Oszuści próbowali okraść małżeństwo suwalskich seniorów. Na szczęście 88-latek w porę zorientował się, że ma do czynienia z oszustami i powiadomił policjantów.
W czwartek (12 maja) suwalscy policjanci otrzymali zgłoszenie o próbie oszustwa. Tym razem przestępcy podawali się za prokuratora i policjantów. Najpierw na telefon stacjonarny małżeństwa z Suwałk zadzwonił rzekomy prokurator twierdząc, że ich konto bankowe jest zagrożone. Kiedy 88-latek zażądał potwierdzenia, że faktycznie rozmawia z prokuratorem oszust zaproponował, że może potwierdzić jego wiarygodność pod numerem 997. Wówczas senior, nie rozłączając się, wybrał wskazany numer telefonu.
Tam fałszywy dyżurny potwierdził, że taki prokurator faktycznie istnieje. Ta informacja przekonała 88-latka do współpracy z oszustami. Senior od tej pory wykonywał ich wszystkie polecenia. Chcąc chronić swoje oszczędności poszedł do banku i wypłacił z konta ponad 21 tysięcy złotych. Zgodnie ze wskazówkami fałszywego prokuratora miał je następnie przekazać policjantowi.

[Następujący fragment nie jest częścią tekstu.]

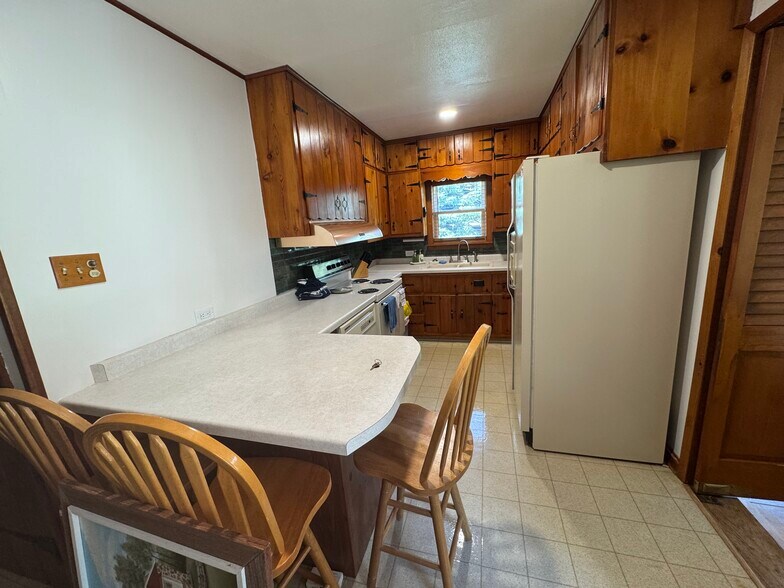 kitchen - N5311 Saint Catherines Bay Rd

88-latek udał się we wskazane miejsce. Na parkingu w centrum miasta spotkał mężczyznę, który odezwał się do niego ustalonym hasłem. Senior na szczęście był czujny i poprosił rzekomego policjanta o pokazanie legitymacji służbowej. W ten sposób pokrzyżował plany oszustom, bo mężczyzna nie miał takiego dokumentu.
88-latek nie przekazał mu pieniędzy, tylko wrócił do domu i powiadomił suwalskich policjantów.